In 2001 biodiesel production was 9 million gallons. By 2011, it was nearly 100 times higher, at 967 million gallons. While this growth is significant, it represents only 1 percent of the total diesel production by volume. Consumption of biodiesel in 2011 was 878 million gallons (EIA, 2012). Similarly, RFS and EISA 2007 (RFS2) require consumption of 1 billion gallons biomass-based diesel. Tax credits and incentives through the RFS2 have had a positive influence on the production and consumption of biodiesel. Soybeans make up 57 percent of the biodiesel feedstock. Thus, droughts such as that the United States experienced in 2012 can cause the price of biodiesel to vacillate markedly, giving users little reason to purchase the fuel. The use of biofuels is well established in the United States. The growth in production and consumption still relies in a large part on incentives and tax credits. Nonfood-derived cellulosic feedstock is another consideration in the growth of these biofuels, but large-scale production and consumption is years away (NREL, 2012). A further fuel not yet in widespread use is so-called renewable diesel fuel, which is bio-oil refined to remove oxygen and which resembles petrol-derived fuels.

Dimethyl ether (DME) may show promise as an alternative fuel. Synthesized from methanol, it can be produced from biomass, natural gas, or coal. Its thermal efficiency and performance are comparable to those of diesel. DME typically sells at a premium to energy value (i.e., costs more for the same enthalpy). DME is liquefied at 50 pounds per square inch (psi) (or 345 kilopascal (kPa)), so its use requires similar tankage to propane. DME is expected to have the same selling price as a diesel gallon equivalent. 32 As with most alternative fuels, developing engine and vehicle modifications and the distribution infrastructure for the fuel are the most obvious obstacles to widespread use of DME in the near term.
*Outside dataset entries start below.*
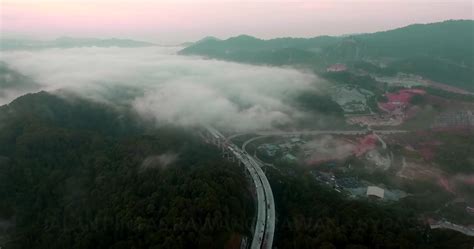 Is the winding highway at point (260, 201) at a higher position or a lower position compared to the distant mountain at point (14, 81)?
lower

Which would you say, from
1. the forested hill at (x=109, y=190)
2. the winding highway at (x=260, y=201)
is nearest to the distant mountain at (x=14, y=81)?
the forested hill at (x=109, y=190)

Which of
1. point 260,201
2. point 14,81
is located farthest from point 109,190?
point 14,81

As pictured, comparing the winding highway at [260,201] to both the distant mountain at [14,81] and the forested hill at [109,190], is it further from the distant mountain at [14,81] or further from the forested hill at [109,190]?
the distant mountain at [14,81]

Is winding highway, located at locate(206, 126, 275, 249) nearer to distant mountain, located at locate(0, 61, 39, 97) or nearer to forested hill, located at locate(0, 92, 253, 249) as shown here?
forested hill, located at locate(0, 92, 253, 249)

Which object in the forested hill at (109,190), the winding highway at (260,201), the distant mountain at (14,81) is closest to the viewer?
the forested hill at (109,190)

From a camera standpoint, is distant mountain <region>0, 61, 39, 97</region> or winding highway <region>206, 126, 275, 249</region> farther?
distant mountain <region>0, 61, 39, 97</region>

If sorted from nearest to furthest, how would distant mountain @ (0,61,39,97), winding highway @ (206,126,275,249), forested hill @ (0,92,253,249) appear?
forested hill @ (0,92,253,249) < winding highway @ (206,126,275,249) < distant mountain @ (0,61,39,97)

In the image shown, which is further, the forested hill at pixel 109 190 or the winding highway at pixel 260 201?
the winding highway at pixel 260 201

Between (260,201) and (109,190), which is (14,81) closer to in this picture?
(109,190)

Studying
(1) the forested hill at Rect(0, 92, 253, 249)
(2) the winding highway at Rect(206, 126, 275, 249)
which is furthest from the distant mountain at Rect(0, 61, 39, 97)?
(2) the winding highway at Rect(206, 126, 275, 249)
DME currently has minimal transportation applications in the United States.

Fischer-Tropsch. Other alternative fuels, known as Fischer-Tropsch (FT) or gas-to-liquid (GTL) fuels, are available in the market but are currently produced in very modest volumes: only about 200,000 barrels a day, which is equal to less than 1 percent of global diesel demand a day (NYT, 2012). These fuels are produced via the FT chemical process, using natural gas, coal, or biomass as feedstock. FT fuels are interesting because they reduce dependency on crude oil and, depending on the feedstock used, may reduce the CO2 footprint as compared with petroleum-based fuels.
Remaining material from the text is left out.